Please ensure Javascript is enabled for purposes of website accessibility

Biskupic makes smooth transition from prosecutor to defense lawyer

By: Jack Zemlicka, [email protected]//September 23, 2011//

Biskupic makes smooth transition from prosecutor to defense lawyer

By: Jack Zemlicka, [email protected]//September 23, 2011//

Listen to this article
Steven Biskupic (Staff photo by Kevin Harnack)

When Steven Biskupic stepped down as U.S. attorney for the Eastern District of Wisconsin in 2009, he wasn’t quite sure what he was going to do next.

Biskupic, 49, made a name for himself during his seven-year run as U.S. attorney, prosecuting high-profile corruption cases including those involving Michael McGee, State Sen. Gary George and former chair of The Democratic Party of Wisconsin, Mark Sostarich.

Since February 2009, Biskupic has been making a name for himself at the Milwaukee office of Michael Best & Friedrich LLP, where he is chair of the Litigation Practice Group. His practice focuses on complex litigation with an emphasis on business disputes and government regulations.

The litigator took time recently to answer this week’s Asked & Answered.

Wisconsin Law Journal: If you could develop one CLE course for credit, what would it be about?
Steven Biskupic: How lawyers end up going to jail. I’ve been involved in the prosecution of more than a dozen lawyers and there is a certain consistency to the conduct.

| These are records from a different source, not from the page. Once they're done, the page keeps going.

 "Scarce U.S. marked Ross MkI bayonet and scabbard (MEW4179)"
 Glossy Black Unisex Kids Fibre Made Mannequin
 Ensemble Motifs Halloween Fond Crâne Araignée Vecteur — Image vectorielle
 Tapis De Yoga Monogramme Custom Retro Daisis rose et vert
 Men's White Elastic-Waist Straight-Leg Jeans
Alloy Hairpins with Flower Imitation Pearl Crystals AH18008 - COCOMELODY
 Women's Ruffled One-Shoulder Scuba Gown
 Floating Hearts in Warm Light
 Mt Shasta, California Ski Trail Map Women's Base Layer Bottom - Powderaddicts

WLJ: What was your least favorite course in law school and why?
Biskupic: It wasn’t a class, it was a classroom. In the old Marquette law school building, there were a couple of rooms that had no windows, barely enough seating and, it seemed, no airflow. It was like taking a class in someone’s basement.

WLJ: What do you consider your biggest achievement to date and why?
Biskupic: Not to avoid the question, but from the perspective of a legal career, I always tried to work on a lot of cases, so that no one case, win or lose, was too important. I never wanted to say “this was a career case.” To the individual parties involved, every case was a career case.

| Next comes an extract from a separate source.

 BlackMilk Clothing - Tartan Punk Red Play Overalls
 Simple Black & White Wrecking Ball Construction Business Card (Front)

WLJ: What is the one luxury item you cannot live without?
Biskupic: ESPN on cable, especially during college basketball season

WLJ: What is one thing attorneys should know that they won’t learn in law school?
Biskupic: Being polite and respectful of opposing counsel will get you a lot farther than being rude and arrogant.

WLJ: What is the first concert you went to?
Biskupic: Chicago at Grant Park in Chicago in 1979

WLJ: If you could trade places with someone for a day, who would it be and why
Biskupic: Mike McCarthy, coach of the Green Bay Packers, the day after the Super Bowl win. What did it feel like to put in all that effort and achieve the highest goal?

WLJ: What is your motto?
Biskupic: I do not have a motto. But for trials, I often think of the “move by the left flank” strategy that military historians ascribe to Ulysses S. Grant. I think it means avoid the head-on battle if you can. A head-on trial fight may make for great courtroom drama, but it definitely won’t work for one side and often doesn’t work for either side.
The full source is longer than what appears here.